Other Words for Home, Jasmine Warga
I flew through this sweet middle-grade novel in verse, narrated by Jude, who leaves her native Syria (with her mother) to live with relatives in Cincinnati. She misses her father, brother and best friend terribly, but gradually adjusts to her new life. Lovely.

The Feminist Agenda of Jemima Kincaid, Kate Hattemer
It’s April of Jemima Kincaid’s senior year and she’s burning to do something big to leave a legacy at her tony prep school. But she’s also dealing with teenage stuff: learning to drive, an inconvenient crush, friction with her best friend. A fun novel with a likable, flawed protagonist learning to confront her own privilege. (Warning: some truly cringeworthy teenage sex.)

Flying Free: My Victory Over Fear to Become the First Latina Pilot on the U.S. Aerobatic Team, Cecilia Aragon
Bullied as a child in her small Indiana town, Aragon found her way to a career in computer science, but still struggled with crippling fear and anxiety. A coworker’s love for flying ignited her own, and she threw herself into her new hobby, eventually competing on the U.S. Aerobatic Team. This straightforward, fascinating memoir chronicles her journey. To review for Shelf Awareness (out Sept. 22).
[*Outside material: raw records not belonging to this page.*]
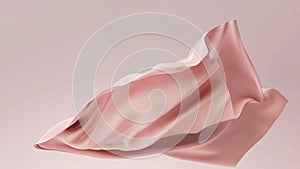 Beautiful light Pastel pink silk cloth floating background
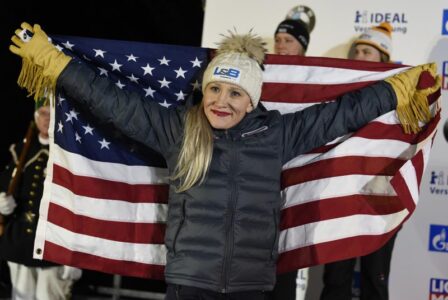 Kaillie Humphries of US keeps monobob series lead in Germany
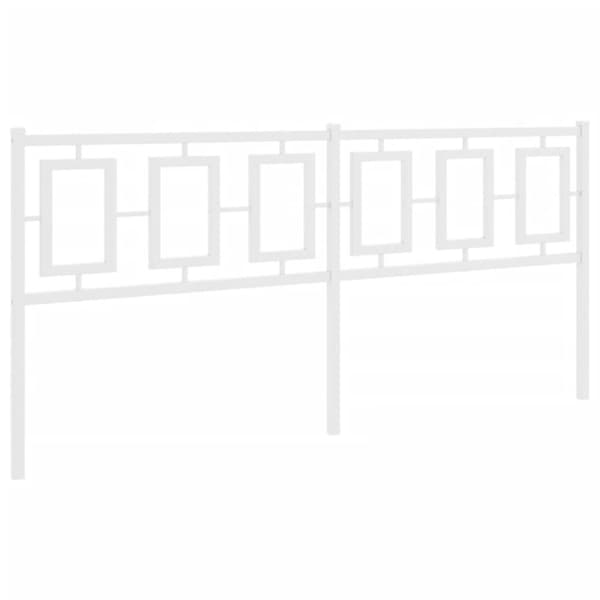 sengegavl 180 cm metal hvid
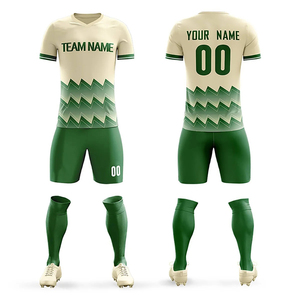 Venta al por mayor de los hombres cómodos transpirables de fútbol desgaste libre de diseño personalizado sublimación Jersey Kits de uniforme de fútbol personalizado para equipos - Product Image 5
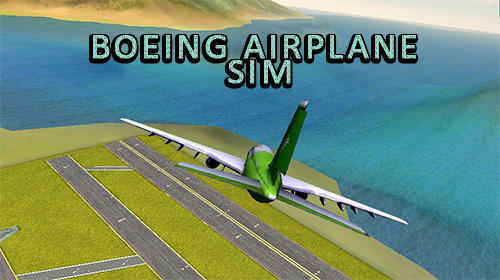 Boeing airplane simulator poster
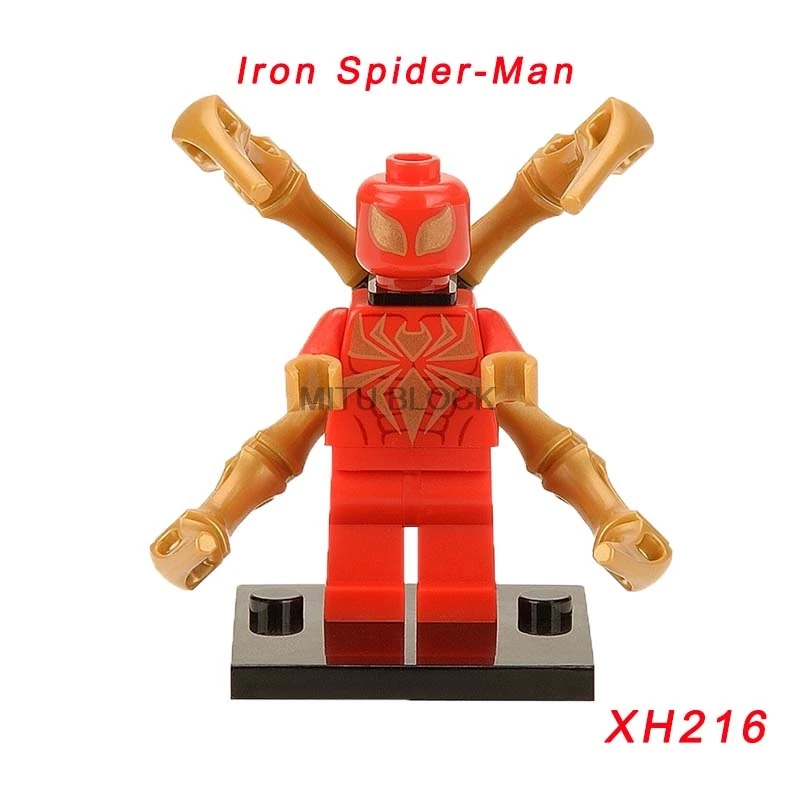 xh216 Фигурки супергероев Marvel, Человек-паук, муравей, Бэтмен, Железный человек, строительные блоки, мини-кубики - Цвет: xh216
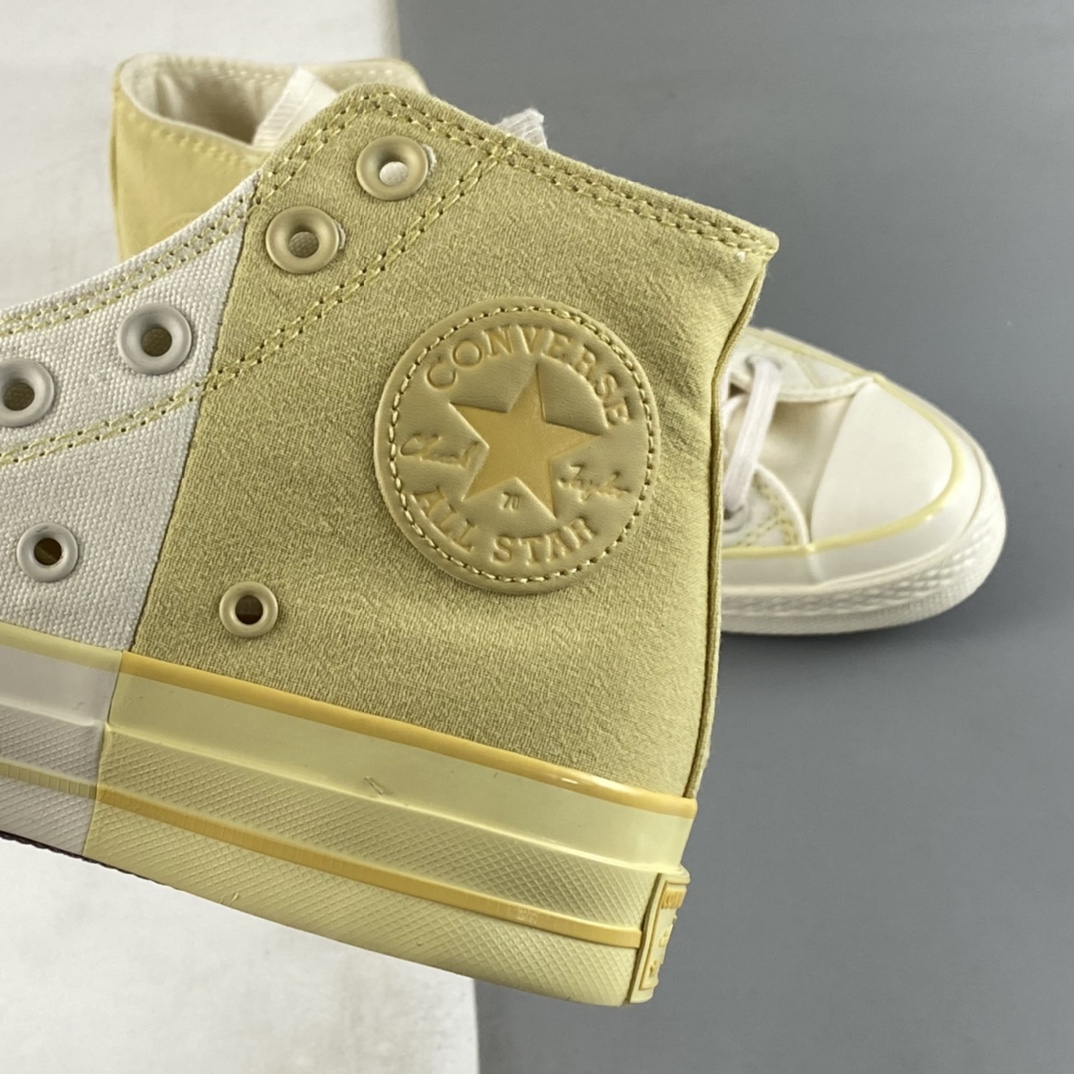 Converse Chuck 1970S May new stitching series cheese yellow color matching high-top casual shoes A00541C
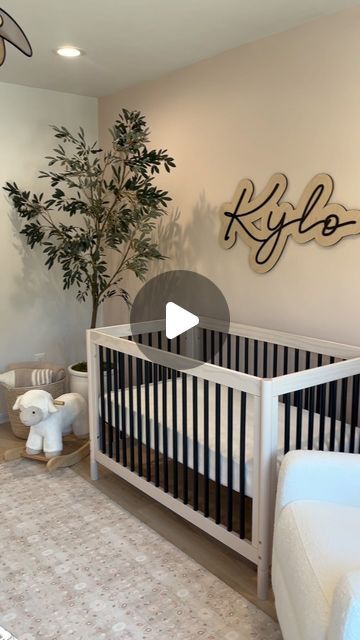 Lina Colleli | botox | filler | skin 💉 on Instagram: "Kylo’s nursery reveal - so obsessed with how peaceful this space turned out 🥹☁️🍼✨  Nursery decor | nursery ideas | nursery tour | nursery reveal | #nurserydecor | #nurserydesign | #nurserytour | #nurseryinspo | #girlnursery" Babies Room Ideas, Unisex Nursery Ideas, Minimalist Nursery Ideas, Boys Nursery Ideas, Baby Boy Nursery Room Ideas, Baby Nook, Baby Boys Room, Nursery Room Ideas, Nursery Ideas Boy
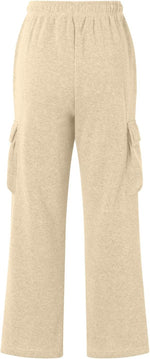 Load image into Gallery viewer, Ladies Combat Elastic Waist Band 4 Pocket Plain Wide Leg Plazzo Style Trouser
Shalom Sistas: Living Wholeheartedly in a Brokenhearted World, Osheta Moore
Moore is a wise, compassionate voice on Instagram and elsewhere, and this, her first book, is about pursuing shalom – God’s vision for true peace. It’s part memoir, part theology, part real talk. Warm and thoughtful.

Emily of Deep Valley, Maud Hart Lovelace
I picked up this lesser-known classic by the author of the Betsy-Tacy series for a reread. Emily Webster is one of my favorite heroines: thoughtful, sensitive and brave. She struggles with loneliness after finishing high school and feeling stuck in her small town, but she learns to “muster her wits” and build a life for herself. I love her story so much.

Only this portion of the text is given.